Nils Funcke’s criticism of the proposal to limit search services

A government investigation that was presented on Wednesday wants to limit the constitutional protection of the search services that post personal information in databases on the Internet. Services such as Ratsit, MrKoll and Lexbase can, among other things, be used by criminals to map victims and they can also cause privacy damage to individuals, according to the government and the police.

They currently have constitutional protection, but the investigator believes that their activities are far from how the law is supposed to work. Therefore, it is now proposed that they should be exempted from legal protection and could disappear. Freedom of expression expert Nils Funcke is critical of this.

– I am deeply concerned when you break something that has been regulated in the constitution and put it into ordinary law, he says.

The warning: Don’t survive this

The proposals will now go out for consultation, but Nils Funcke sees great risks with it.

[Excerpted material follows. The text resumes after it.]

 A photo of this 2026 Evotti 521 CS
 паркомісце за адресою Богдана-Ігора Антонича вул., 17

– The risk with this is that it will be an authority that will assess whether a database is considered to live up to these three criteria that the investigator stated. It is about, among other things, the scope and who it is aimed at and what information is being published, he says and continues:

– This paves the way for these databases, which are incredibly central to the media and to authorities that do background checks, that they will be forced to shut down. If they are to meet these requirements that exist, they will not be able to do it, they will not survive this.

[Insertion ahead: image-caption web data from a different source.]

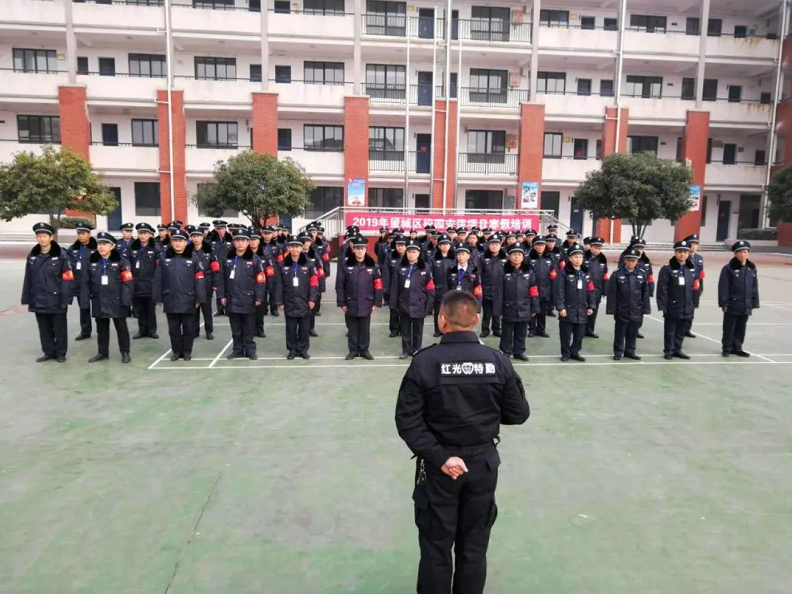 長沙紅光保安服務(wù)有限公司,長沙安保服務(wù),長沙安全服務(wù),長沙非武裝押運(yùn),勞務(wù)派遣服務(wù)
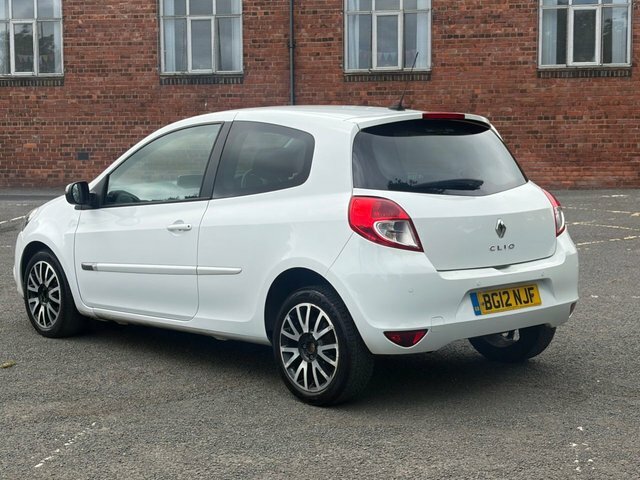 Renault Clio Dynamique Tomtom Black #24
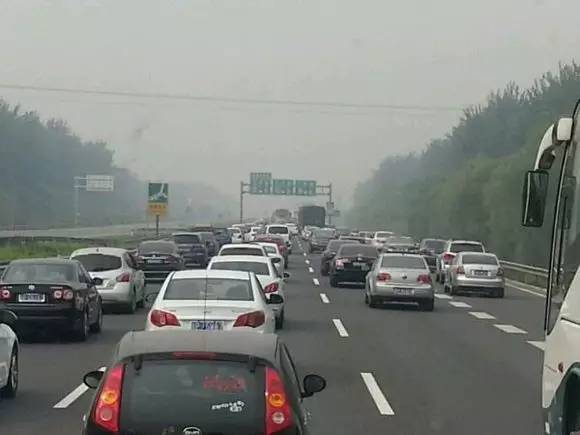 疯传!10月起,车辆不带灭火器要扣6分?高速交警权威发布来了还有,宁波这里马上要堵疯!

Strömmer’s words: There is a problem

Justice Minister Gunnar Strömmer (M) believes that some type of measure is needed to protect crime victims from criminals.

– I think you must be able to see that de facto privacy-sensitive information about individuals is very easily accessible. Among other things, it has had consequences that gang criminals map crime victims, for example elderly people who are exposed to fraud. Is that a problem? Yes, it is, he says.